My name is Alexander FufaeV and here I will explain the following topic:

Derivation of The Wave Equation for E-field and B-field

Table of contents

Wave equation for the electric field Here we derive the wave equation for the E-field from Maxwell's third equation in vacuum.
Wave equation for the magnetic field Here we derive the wave equation for the B-field from Maxwell's fourth equation in vacuum.

Electromagnetic wave with E-field and B-field component.

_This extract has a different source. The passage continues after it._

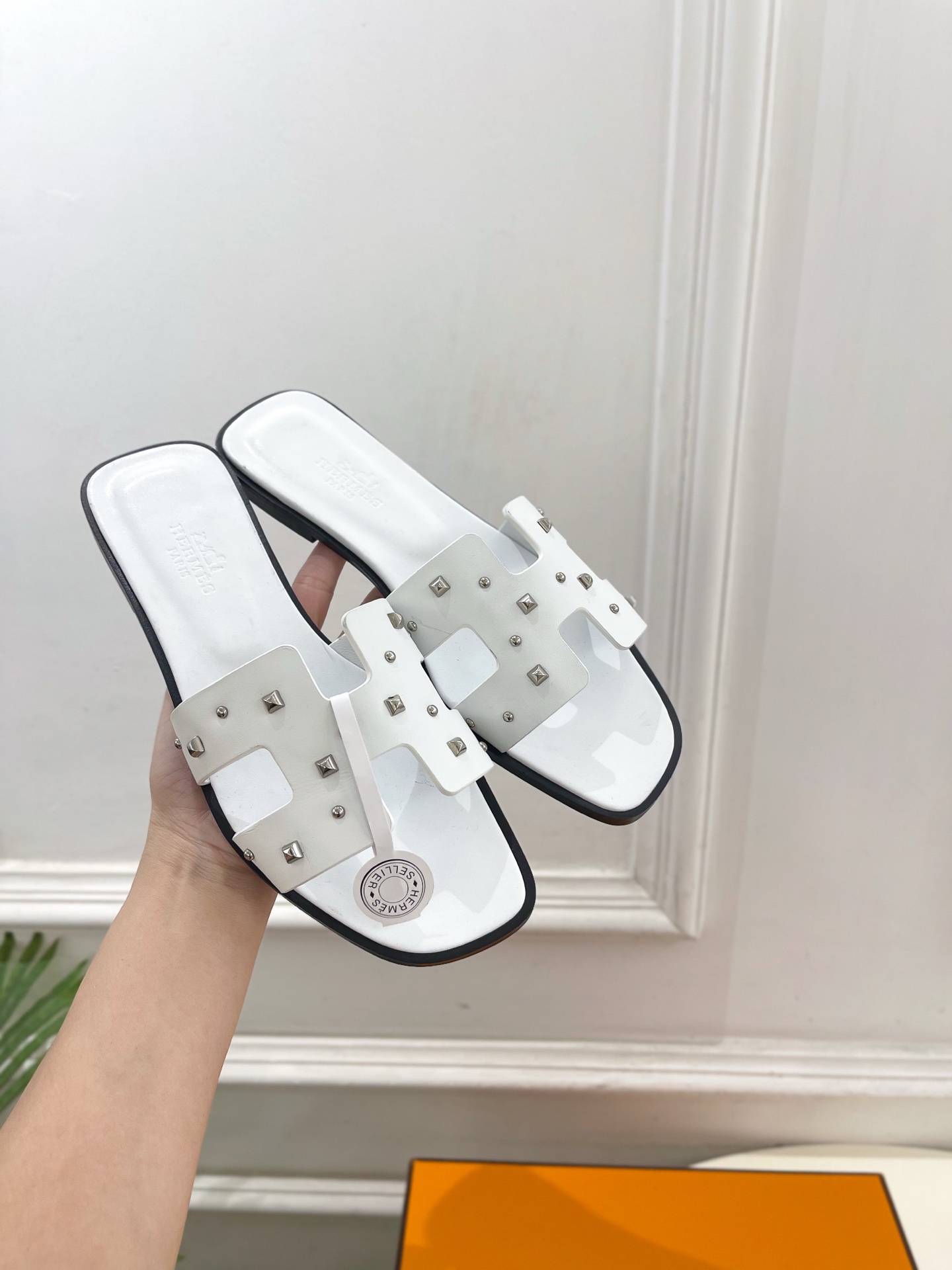 🐎𝐇𝐄𝐑𝐌𝐄* 爱玛仕 25𝐬𝐬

The goal is to derive the wave equation for the electric field $\boldsymbol{E}$ and the magnetic field $\boldsymbol{B}$ using Maxwell's equations in free space.

We use the four Maxwell equations of electrodynamics in charge-free ($\rho = 0$) and current-free ($\boldsymbol{j} = 0$) space:

$$ \begin{align} \nabla ~\cdot~ \boldsymbol{E} ~&=~ 0 \\\\
\nabla ~\cdot~ \boldsymbol{B} ~&=~ 0 \\\\
\nabla ~\times~ \boldsymbol{E} ~&=~ -\frac{\partial \boldsymbol{B}}{\partial t} \\\\
\nabla ~\times~ \boldsymbol{B} ~&=~ \mu_0 \, \varepsilon_0 \frac{\partial \boldsymbol{E}}{\partial t} \end{align} $$

Another ingredient necessary for the derivation of the two wave equations is the following relation for the curl of the curl of the vector field $\boldsymbol{F}$ (double cross product):

$$ \begin{align} \nabla \times \nabla \times \boldsymbol{F} ~=~ \nabla \, \left(\nabla \cdot \boldsymbol{F}\right) ~-~ \nabla^2 \, \boldsymbol{F} \end{align} $$

The first summand here is the gradient of the divergence of $\boldsymbol{F}$ and the second summand is the divergence of the gradient of $\boldsymbol{F}$. This is just a mathematical relation that can be derived.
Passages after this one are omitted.